Declarative Policies

Enforce desired configuration for AWS services like EC2, EBS, VPC.

Declarative policy is a new capability that helps you declare and enforce desired configuration for a given AWS Service at scale across your organization.

It is common for customers to create standards within their organizations for how cloud resources should be configured. For example, they might require blocking public access for Amazon EBS snapshots. They want these standards to be defined once centrally and enforced across all their accounts, including those that join the organization in the future. Additionally, whenever a cloud operator attempts to configure a resource in a way that does not meet the standard, they want that operator to receive a useful, actionable error message that explains how to remediate the configuration.
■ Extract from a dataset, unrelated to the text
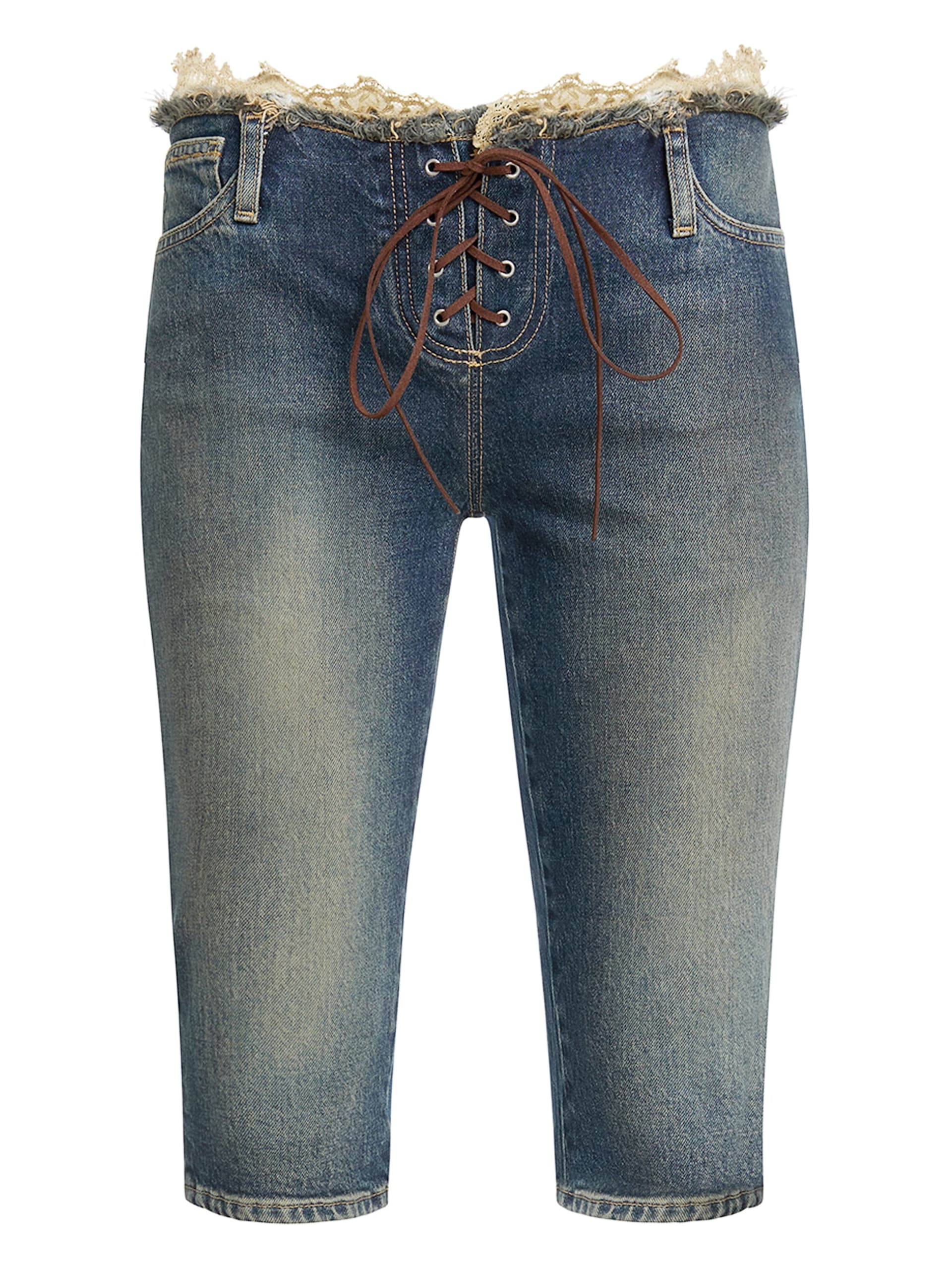 calça capri com cadarço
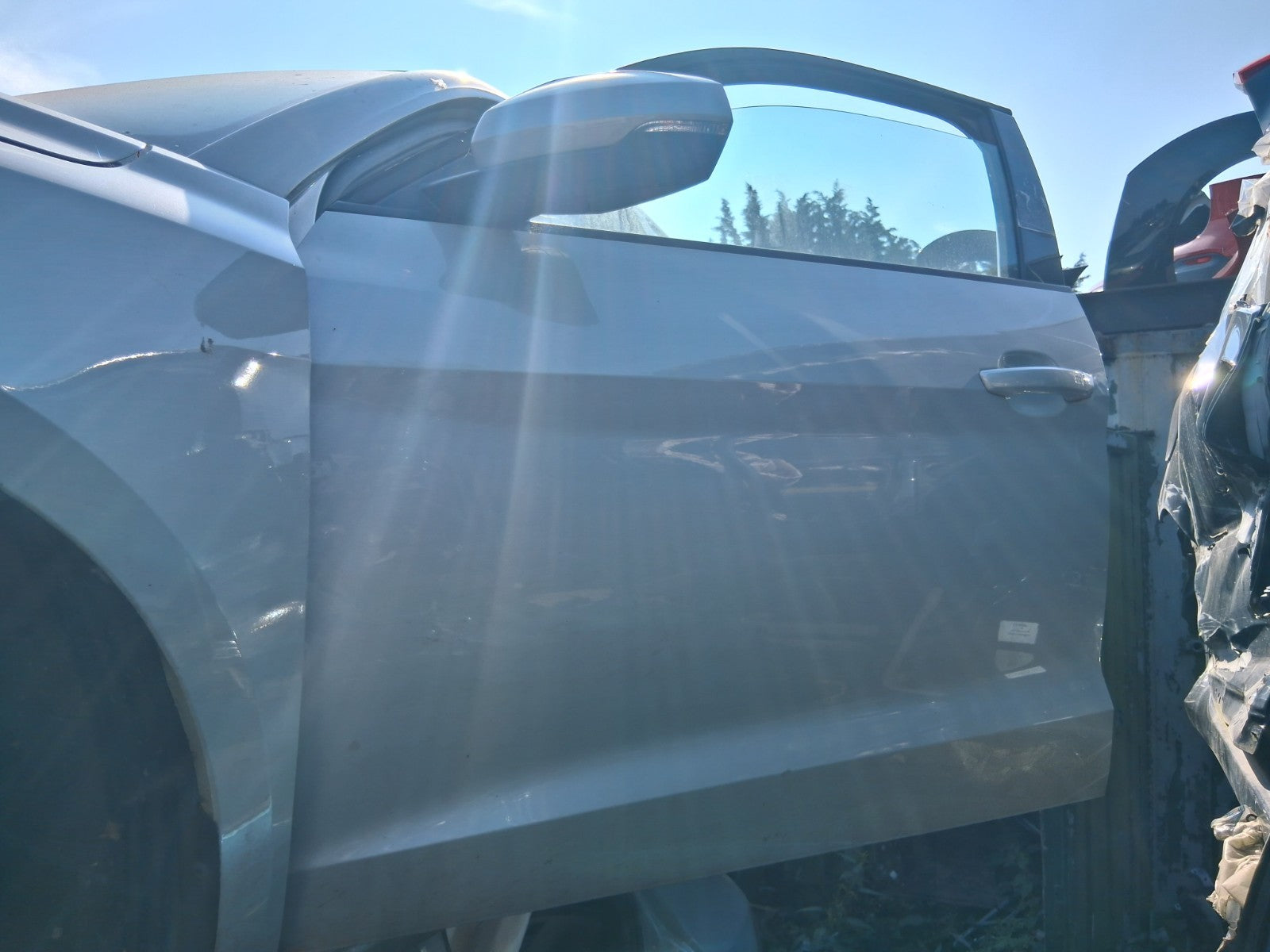 2023 AUDI A1 GB MK2 HATCH NSF PASSENGER SIDE FRONT BARE DOOR DEW SILVER MET LX7E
Declarative policies address these challenges by helping you to define and enforce desired configuration for AWS services with a few clicks or commands. You can select the configuration you want such as “block public access for VPCs” and AWS will automatically ensure that the desired state is enforced across your multi-account environment (or parts of it) once you attach the policy. This approach reduces the complexity of achieving the desired configuration. Once the configuration is set, it is maintained, even as new features or new APIs are added. Additionally, with declarative policies, administrators have visibility into the current state of service attributes across their environment, and – unlike access control policies, which cannot leak information to those without permissions – end users see custom error messages configured by their organization’s administrators, redirecting them to internal resources or support channels.